No me gusta la palabra mercenario, porque no describe lo que yo soy. La prensa ha montado un melodrama por el asesinato del presidente de Haití, hecho en el que “mercenarios” colombianos tomaron parte. Si los mercenarios hubieran sido británicos, gringos, alemanes, canadienses o de cualquier otro país, a nadie en Colombia le hubiera importado. Hoy se rasgan las vestiduras porque descubrieron que Colombia, además de café, flores, petróleo, cocaína, también exporta mercenarios.
Colombia ya sabía que los mercenarios existían, sólo que antes los importábamos, desde cuando los bananeros de Urabá trajeron a Yahir Klein, por allá a finales de los ochenta, quien luego fue fichado por los ganaderos del Magdalena Medio, con conocimiento de los militares para entrenar bandas paramilitares. El presidente Virgilio Barco, recordemos, contrató los servicios del agente del Mossad, Rafi Eitan, para enfrentar la amenaza comunista en Colombia, lo cual derivó en el exterminio de la Unión Patriótica.

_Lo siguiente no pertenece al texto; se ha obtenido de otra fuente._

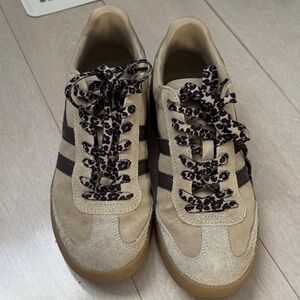 Gola Beige Suede Sneakers with Leopard Print Laces, size 7
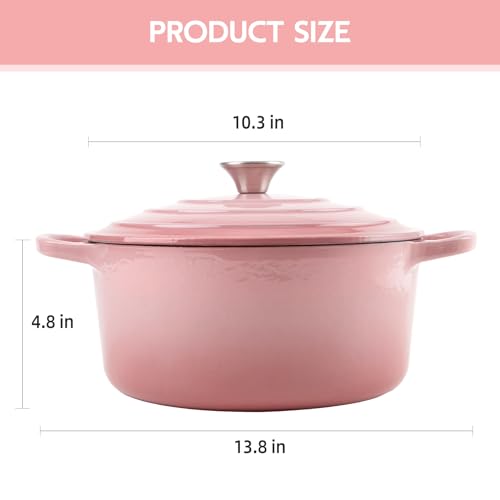 6 Quart Dutch Oven Enameled Cast Iron with Lid - Big Dual Handles - Oven Safe up to 500°F - Classic Round Pot for Versatile Cooking Pink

Pero tampoco se preguntan cómo es que en Colombia se llegó a producir un stock de excombatientes altamente competitivos en los mercados internacionales. Porque eso sí, déjeme decirle, somos los mejores combatientes del mundo y así somos valorados. Somos un subproducto de la guerra más larga del hemisferio occidental en la que se han acumulado experiencias como ninguna fuerza armada en el mundo. Son cerca de sesenta años combatiendo a las guerrillas, también las más grandes y experimentadas que se hayan dado en América. Ni los gringos tienen la experiencia y la capacidad que tienen los combatientes colombianos, por eso somos hoy tan apetecidos en los mercados internacionales. Los gringos son expertos en apoyar guerras y cuando se involucran solamente comprometen a inmigrantes y negros, amén de que evitan las guerras de larga duración, lo cuál explica la salida de Afganistán, una guerra que no pudieron ganar tras 19 años de presencia continuada.
Hoy vienen a buscarnos empresas contratistas para prestar servicios en países ricos que no tienen ejércitos, o que teniéndolos prefieren no arriesgar a sus gentes en actividades de defensa y seguridad. Así es como hemos ido a parar a Irak, Afganistán, Emiratos Árabes, Kuwait, Yemen, Arabia Saudita, Somalia y otros países africanos, para prestar servicios de seguridad a altos funcionarios, cuidar instalaciones gubernamentales, infraestructura estratégica (puertos, plantas de energía, refinerías, aeropuertos) y hasta para cuidarles el trasero a los generales de esos países, lo mismo que a proteger las casas, las esposas y los hijos de los Jeques. A veces les toca ejecutar misiones inconfesables.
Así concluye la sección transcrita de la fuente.